RESEARCH PAPER

Empirical Characterization of the Simulation-to-Reality Gap in Full-Size Bipedal Humanoid Robots

A Multi-Dimensional Analysis of Kinematic, Dynamic, and Control Discrepancies

StatusPublished
DateJanuary 2025
Authorsgerra
PlatformBooster T1
1

Abstract

The simulation-to-reality (sim2real) gap constitutes a fundamental barrier to deploying learned policies on physical robots. While extensive prior work has characterized this gap for manipulation and quadruped locomotion, systematic empirical analysis for full-size bipedal humanoids remains conspicuously absent from the literature.

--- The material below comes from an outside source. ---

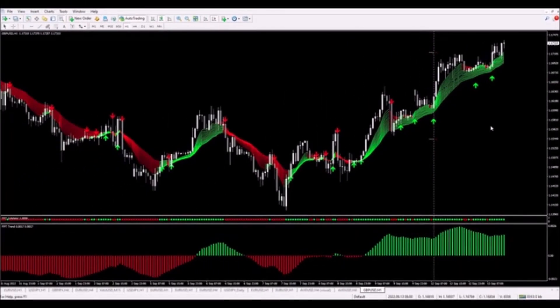We were taken out of the trade in profit as the target was hit. The market continued in the trend direction and we easily made our money, thanks to the Forex Profitude trading system.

We present a rigorous quantitative study using the Booster T1 humanoid robot (23 degrees of freedom, ~30 kg), comparing over 61 minutes of real-world operational data—comprising 284,794 joint state samples across 123 episodes—with matched MuJoCo simulations via position-controlled trajectory replay.

Our analysis reveals several critical findings: (i) aggregate position tracking error of 5.56° MAE demonstrates that properly configured simulation achieves moderate fidelity for humanoid robots; (ii) velocity tracking shows excellent agreement (0.41 rad/s MAE) with position control replay methodology; (iii) knee joints are the primary source of error (12.0-12.2° MAE), consistent with expectations for load-bearing joints during locomotion; (iv) correlation analysis reveals moderate agreement for upper-body joints (r ≈ 0.35-0.52) and weak agreement for leg joints (r ≈ 0.1-0.36), indicating contact dynamics as the primary modeling challenge. We achieve an overall gap score of 0.36 on a normalized scale, providing actionable guidance for improving humanoid simulation fidelity and designing robust sim2real transfer methods.

0.36
Overall Gap Score

Good simulation fidelity indicating moderate agreement between sim and real

5.56°
Position MAE

Average joint position error across all 23 degrees of freedom

12.1°MAE
Knee Error

Highest per-joint error, driven by load-bearing during locomotion

Composite Gap Score Decomposition

0.30
Kinematic
0.07
Dynamic
0.74
Control
0.36
Overall
Summary metrics showing overall gap scores and error distributions
Figure 1: Summary dashboard of sim2real gap analysis. Left: Composite gap scores decomposed into kinematic (0.300), dynamic (0.065), and control (0.743) components. Center: Aggregate position and velocity error metrics. Right: Dataset statistics including 3,687 seconds of data across 284,794 samples.
2

Introduction

2.1 Motivation

Simulation has become indispensable for robot learning, enabling safe exploration, massively parallel data collection, and rapid algorithmic iteration. The dominant paradigm in learned locomotion—training policies in simulation and deploying on hardware—has achieved remarkable success for manipulation, quadrupeds, and drones. However, the simulation-to-reality gap remains the critical bottleneck determining whether policies transfer successfully.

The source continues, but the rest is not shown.